RECORDS FOR PROCESSING ▸
# # # # # # #

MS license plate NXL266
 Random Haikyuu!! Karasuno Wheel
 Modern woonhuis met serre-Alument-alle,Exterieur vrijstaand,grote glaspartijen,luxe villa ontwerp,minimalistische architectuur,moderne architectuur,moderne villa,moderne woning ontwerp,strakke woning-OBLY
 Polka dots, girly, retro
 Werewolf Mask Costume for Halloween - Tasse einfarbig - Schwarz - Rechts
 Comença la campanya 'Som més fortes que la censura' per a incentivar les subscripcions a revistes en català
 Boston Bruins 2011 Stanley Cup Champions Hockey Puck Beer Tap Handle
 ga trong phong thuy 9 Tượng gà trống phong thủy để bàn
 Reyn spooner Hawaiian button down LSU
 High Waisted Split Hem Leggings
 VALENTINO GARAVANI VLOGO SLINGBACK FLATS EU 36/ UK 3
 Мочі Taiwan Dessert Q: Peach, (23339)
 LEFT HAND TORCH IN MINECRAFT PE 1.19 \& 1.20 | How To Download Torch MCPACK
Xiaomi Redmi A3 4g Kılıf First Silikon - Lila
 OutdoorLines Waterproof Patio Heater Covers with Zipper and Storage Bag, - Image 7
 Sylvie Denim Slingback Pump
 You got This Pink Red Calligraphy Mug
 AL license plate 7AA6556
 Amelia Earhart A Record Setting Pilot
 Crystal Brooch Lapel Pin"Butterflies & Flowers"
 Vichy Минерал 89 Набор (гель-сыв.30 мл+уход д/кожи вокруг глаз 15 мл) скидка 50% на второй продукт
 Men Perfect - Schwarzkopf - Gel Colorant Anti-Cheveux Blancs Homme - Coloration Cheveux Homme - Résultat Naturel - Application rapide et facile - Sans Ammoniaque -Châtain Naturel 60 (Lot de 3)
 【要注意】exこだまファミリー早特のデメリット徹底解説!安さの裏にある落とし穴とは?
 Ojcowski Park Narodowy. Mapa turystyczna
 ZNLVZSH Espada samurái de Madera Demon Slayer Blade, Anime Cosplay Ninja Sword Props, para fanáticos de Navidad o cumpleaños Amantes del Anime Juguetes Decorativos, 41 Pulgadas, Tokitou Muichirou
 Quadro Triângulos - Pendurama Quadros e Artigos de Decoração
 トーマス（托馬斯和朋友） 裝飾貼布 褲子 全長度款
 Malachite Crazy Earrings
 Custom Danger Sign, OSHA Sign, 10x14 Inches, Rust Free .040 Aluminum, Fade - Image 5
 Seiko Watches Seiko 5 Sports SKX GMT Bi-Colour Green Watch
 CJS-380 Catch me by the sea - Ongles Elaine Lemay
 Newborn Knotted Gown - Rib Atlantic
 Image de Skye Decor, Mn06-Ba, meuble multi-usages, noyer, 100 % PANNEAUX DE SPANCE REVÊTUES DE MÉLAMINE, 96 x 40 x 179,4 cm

# # # # # # #

WHAT YOU NEED TO DO ▸ Please write out exactly the lines from the start of the data through the line that contains "Werewolf Mask Costume", both ends included, and nothing else.

PROBLEM SOLUTION ▸
MS license plate NXL266
 Random Haikyuu!! Karasuno Wheel
 Modern woonhuis met serre-Alument-alle,Exterieur vrijstaand,grote glaspartijen,luxe villa ontwerp,minimalistische architectuur,moderne architectuur,moderne villa,moderne woning ontwerp,strakke woning-OBLY
 Polka dots, girly, retro
 Werewolf Mask Costume for Halloween - Tasse einfarbig - Schwarz - Rechts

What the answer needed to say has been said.